Immer gehts ums Kind im Museum BL. Der Weg dorthin, sagt Direktor Marc Limat, führte über spezifische Kinderausstellungen. Irgendwann erkannte man, dass es keine spezifischen Ausstellungen braucht, sondern Kinder immer mit im Fokus stehen sollten. «Es gibt viele Museen in der Region, wir mussten unsere Nische finden», sagt Limat, seit 2011 Direktor, aber schon zuvor im Museum angestellt.
Kurator Schmid hat das Verhalten der Besucher genau beobachtet: «Kinder hören gerne Geschichten, also sind wir mit Text sehr zurückhaltend. Aber wir verzichten auch nicht ganz darauf. Wenn eine Familie die Ausstellung betritt, rennen die Kinder erst rum, probieren alles aus, irgendwann aber kommen sie zu den Eltern und stellen Fragen – dafür sind die Texte da.»
Ein Brettspiel zu jeder Sonderausstellung
Ein Vorteil, glaubt Limat, sei, dass das Museum BL alle Disziplinen abdeckt – es gibt nebst dem Römermuseum in Augst nur dieses kantonale Museum im Baselbiet. «Wir sind ein Crossover-Museum, können alle Themengebiete miteinander verschränken, das gibt uns Freiheiten.» Kurator Schmid hat noch eine weitere Erklärung: «Wir sind ein kleines Team mit wenig Geld und machen deshalb alles selbst.» Weil die Mittel für Drittfirmen fehle, habe man sich das Know-how für Video, Audio, Gestaltung selber erarbeitet. Über die Jahre sei man immer besser geworden. Für die Säuli-Ausstellung recherchierte und filmte das Team ein Jahr lang – fast alles, was zu sehen ist, ist selbstgemacht.
Auch die Details stimmen in Liestal. Statt eines Katalogs entwerfen die Baselbieter zu jeder Sonderausstellung ein Brett- und ein Hörspiel, mit dem die Besucher das Erlebte nach Hause tragen können.

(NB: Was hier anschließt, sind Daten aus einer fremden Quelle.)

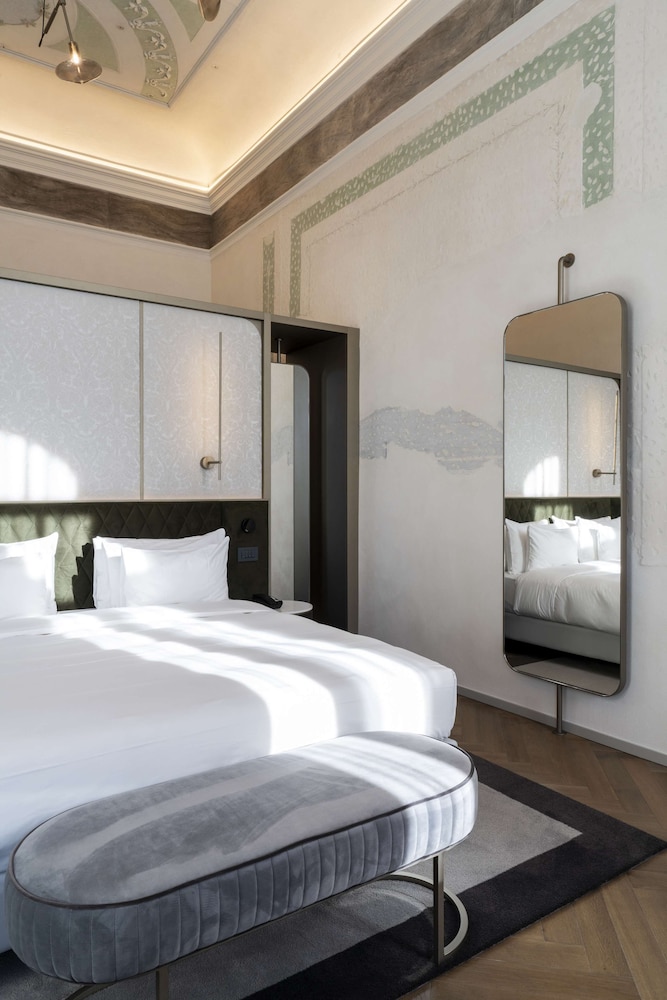 Radisson Collection Hotel, Palazzo Nani Venice 22/77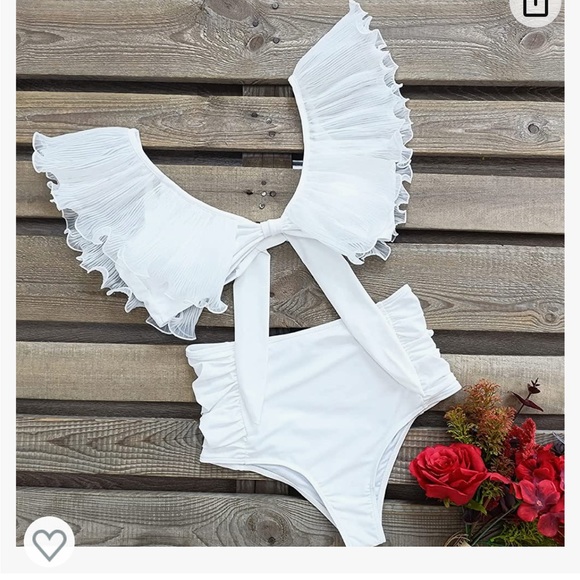 White winged NWT bikini - Picture 1 of 3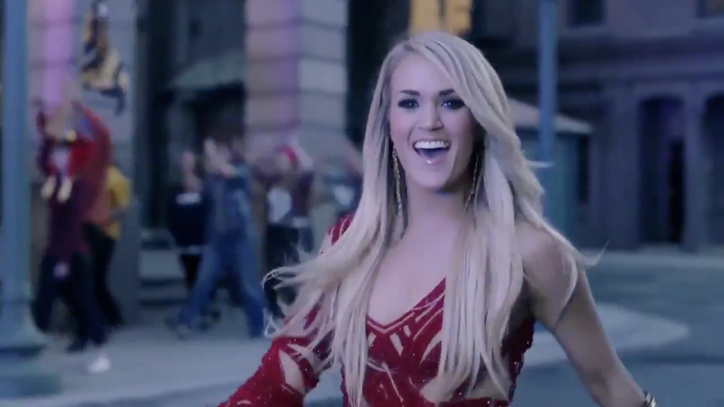 See Carrie Underwood's Swaggering New 'Sunday Night Football' Opening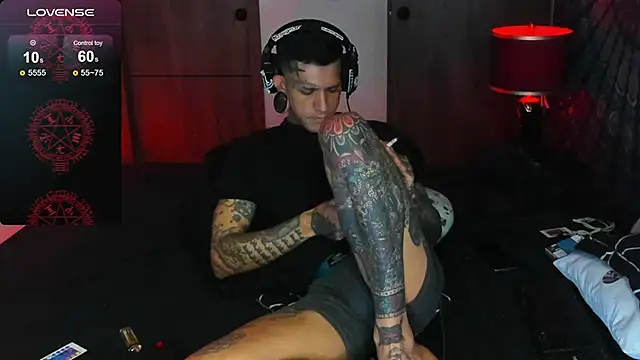 josh  ackerman online show from 12-17-25, 06:36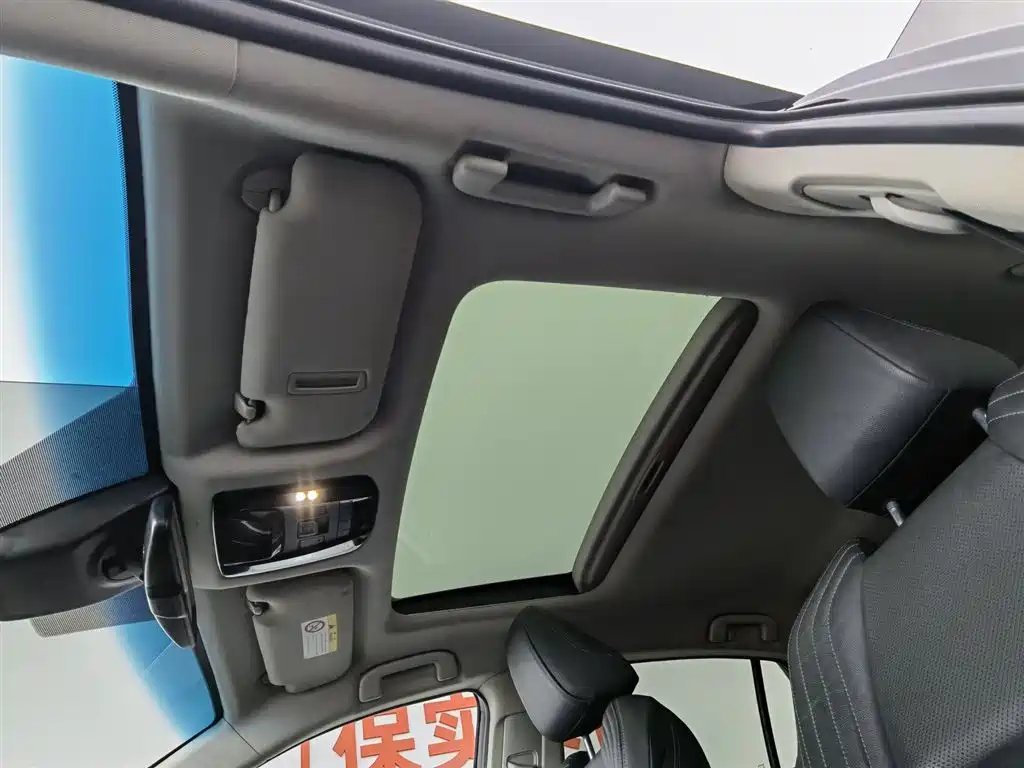 Toyota Lingfang HARRIER 2022 Hybrid 2.5L CVT 2WD Luxury Edition фото 14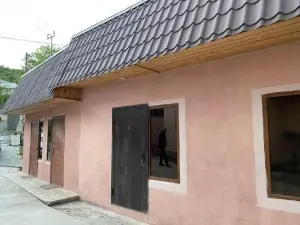 Dilbo House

In Basel geht man einen anderen Weg. Das erklärt Katrin Grögel, Co-Leiterin der Kulturabteilung, auf Anfrage. Mit Spezialprogrammen wird versucht, Kindern die Museen und oft klassisch gehaltenen Ausstellungen näherzubringen. So gebe es beispielsweise «Kinderworkshops, Familienführungen, offene Ateliers, in welchen die Sammlungen und Ausstellungen spielerisch und interaktiv erlebt werden können». Im Naturhistorischen Museum können Kinder zudem regelmässig übernachten, hautnah neben Walskelett und Dino-Nachbildung.
Auf die Kinderarbeit werde jedenfalls grosser Wert gelegt, versichert Grögel: «Im Vermittlungsbereich liegt der Fokus traditionell stark auf Kindern, Jugendlichen und Familien als Zielgruppe.»
Darüber hinaus wird versucht, das eigene Image mit PR-Massnahmen wie dem aufwendig produzierten Werbefilm des Naturhistorischen Museums aufzubessern. Der merkwürdig getextete, mit Lokalpromis durchsetzte Streifen versucht, das verstaubte Haus in ein Hollywood-Setting zu setzen, wo die Exponate irgendwann lebendig werden. Mit der Museumsrealität hat die Inszenierung indes nicht viel zu tun. Dort lebt höchstens noch das Kleintier im verfilzten Mammutfell.